─── Task material ───

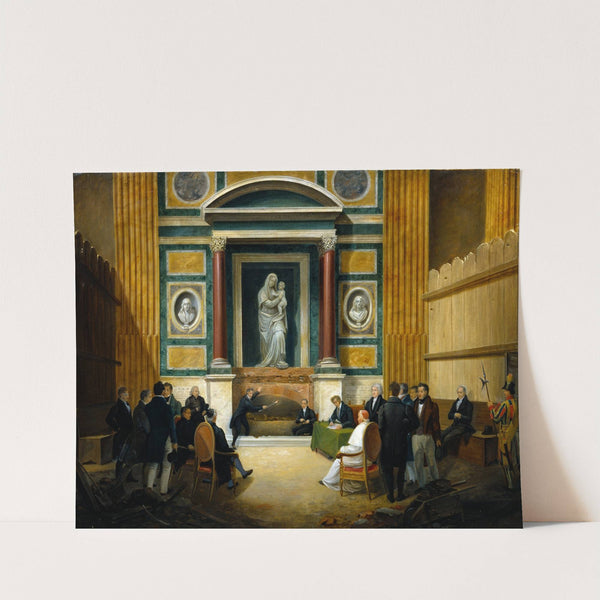 The Opening Of Raphael's Grave In Pantheon 1833 by Francesco Diofebi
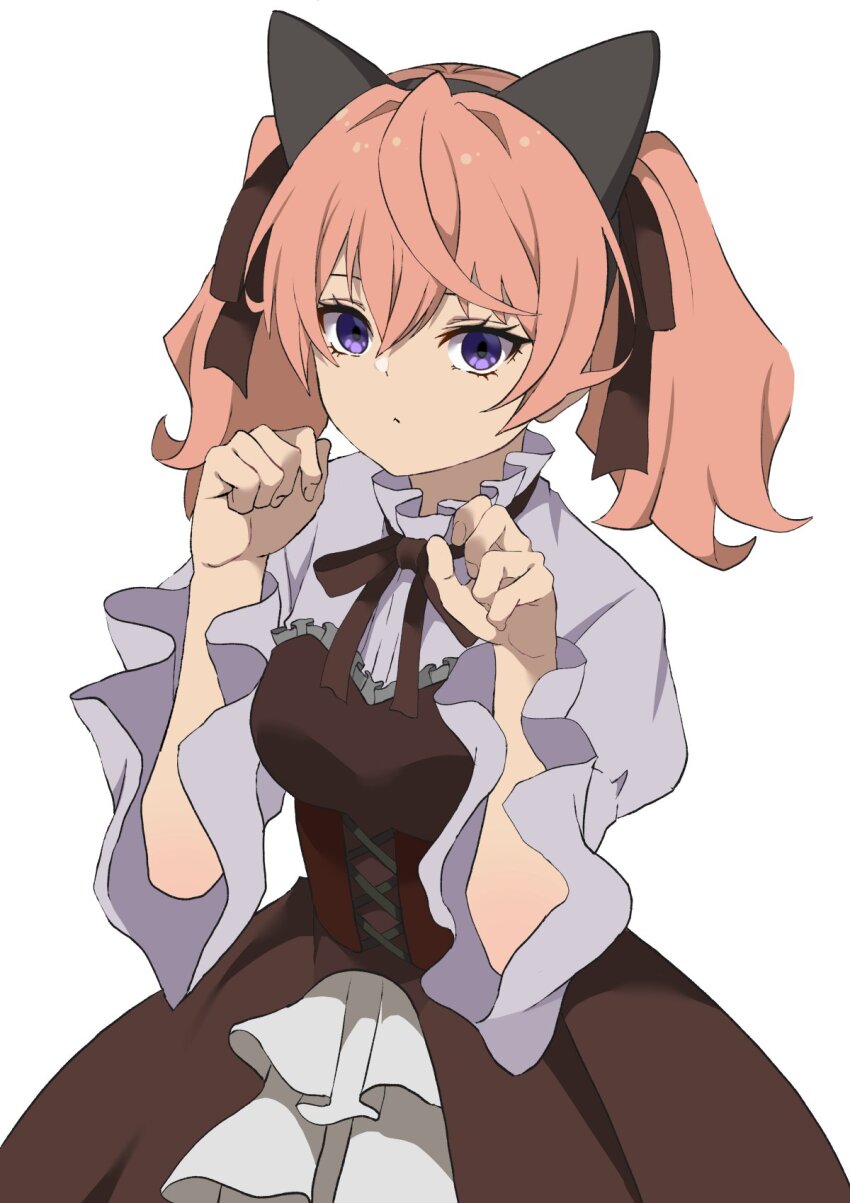 1girl animal_ears apron cat_ears demon_girl hair_ribbon highres linie_(sousou_no_frieren) maid maid_apron pink_hair purple_eyes ribbon ruffled_shirt sousou_no_frieren yasehattagi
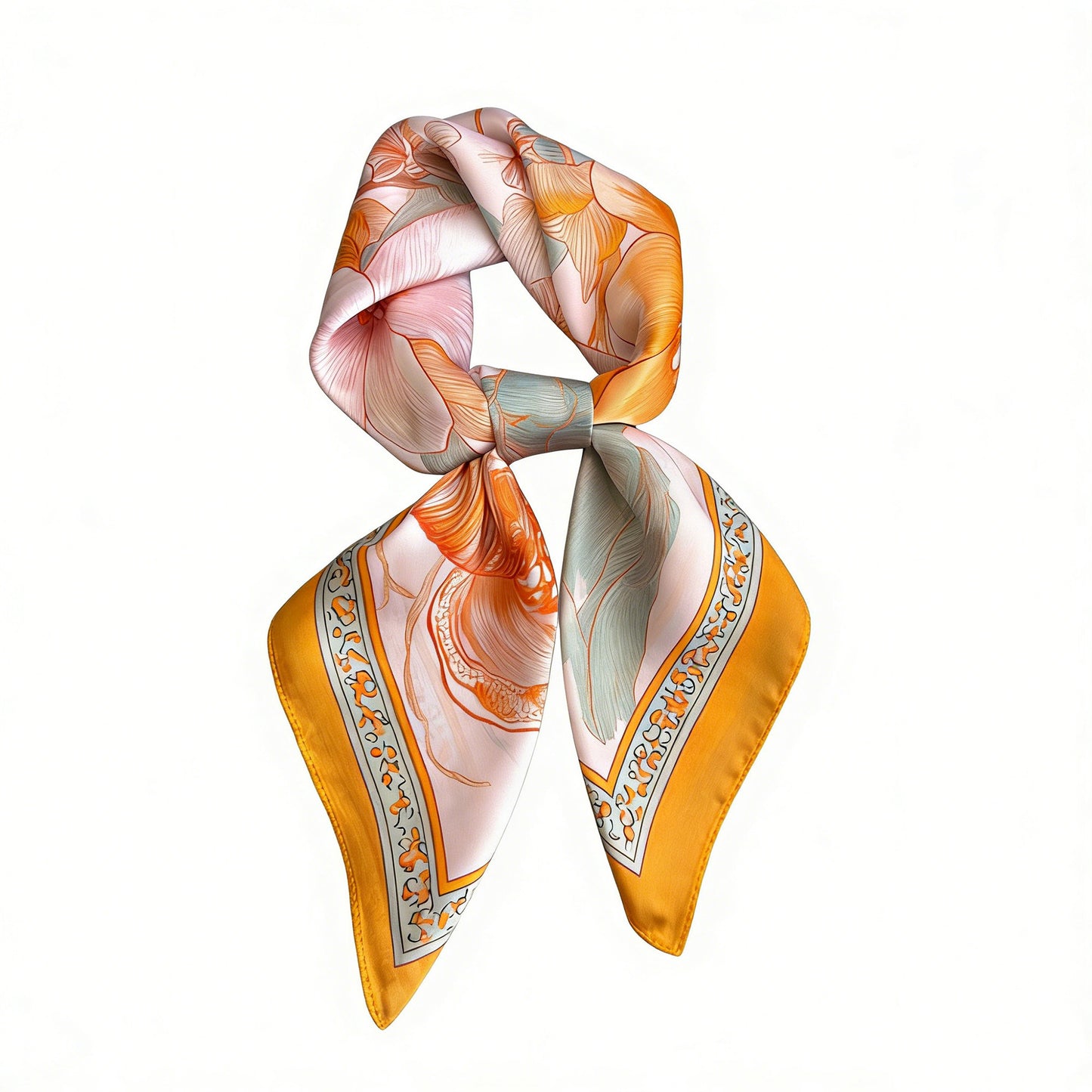 Womens Floral Square Scarf Lightweight Fashion Accessory 27.5¡Á27.5inches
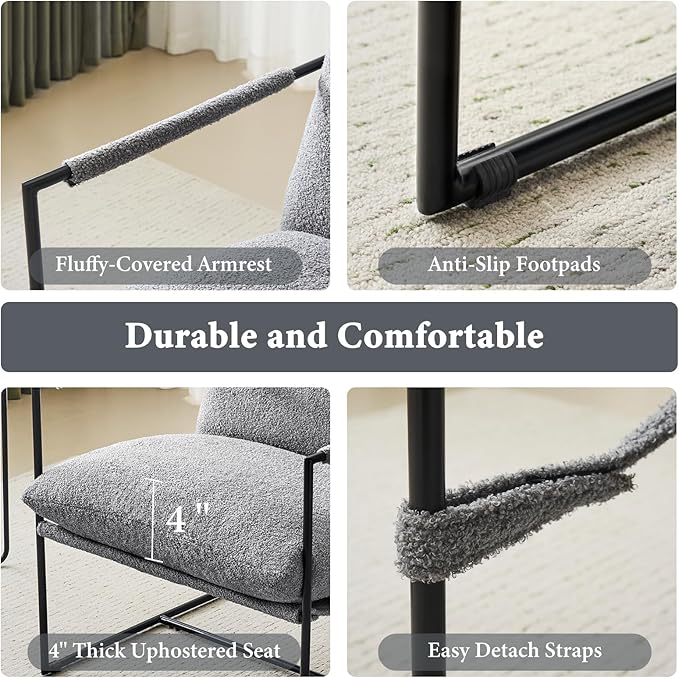 Sling Accent Chair with Metal Frame, Comfortable Boucle Fabric Arm Chair, Upholstered Cozy Reading Chair for Living Room, Bedroom, Dressing Room, Home Office, Grey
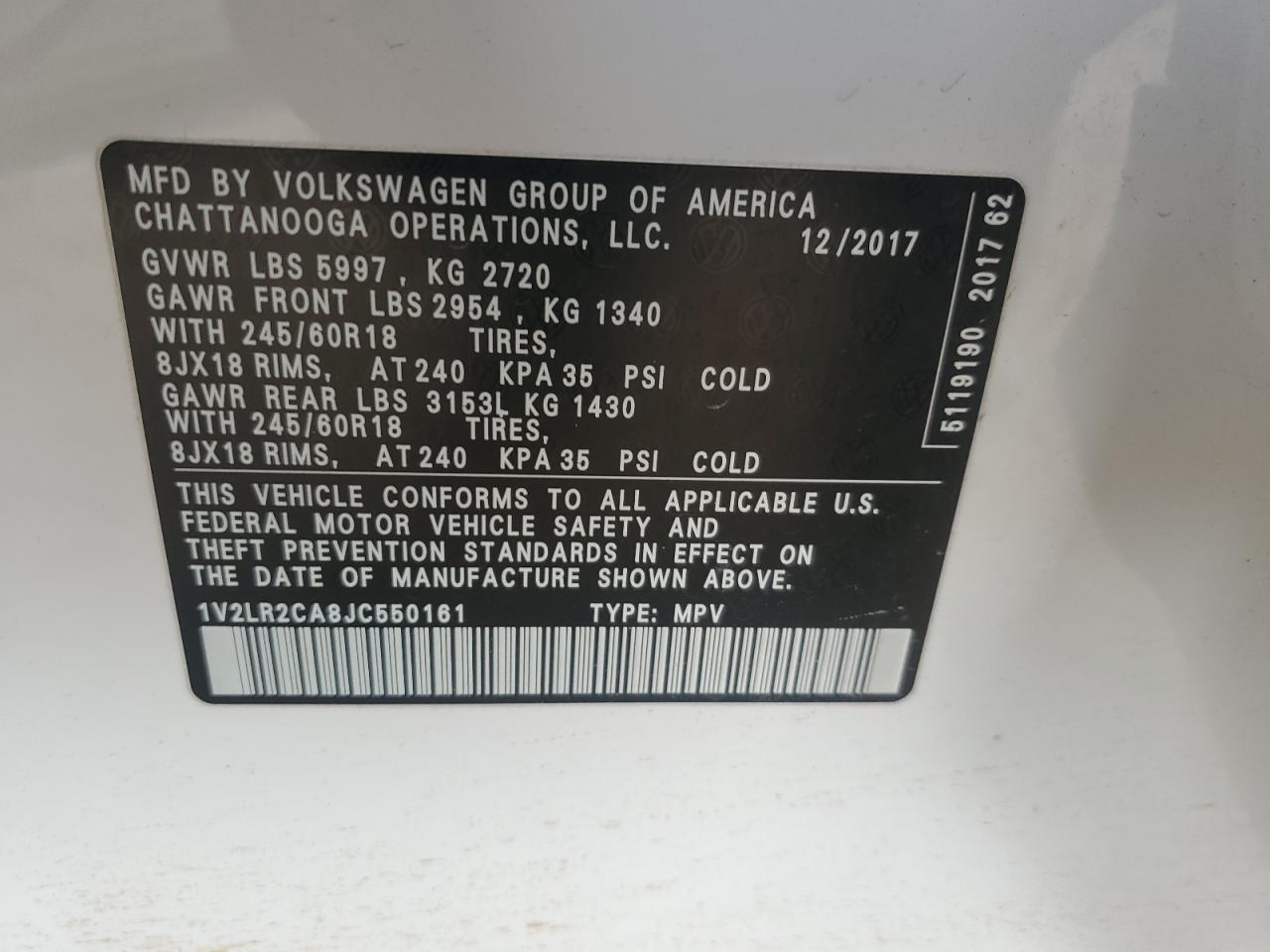 2018 Volkswagen Atlas Se VIN: 1V2LR2CA8JC550161 Lot: 91127885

───

Task goal - Leave the pictures out. Transcribe exactly the lines from the one with "Sling Accent Chair" through the end of the records.

Output for this task -
 Sling Accent Chair with Metal Frame, Comfortable Boucle Fabric Arm Chair, Upholstered Cozy Reading Chair for Living Room, Bedroom, Dressing Room, Home Office, Grey
 2018 Volkswagen Atlas Se VIN: 1V2LR2CA8JC550161 Lot: 91127885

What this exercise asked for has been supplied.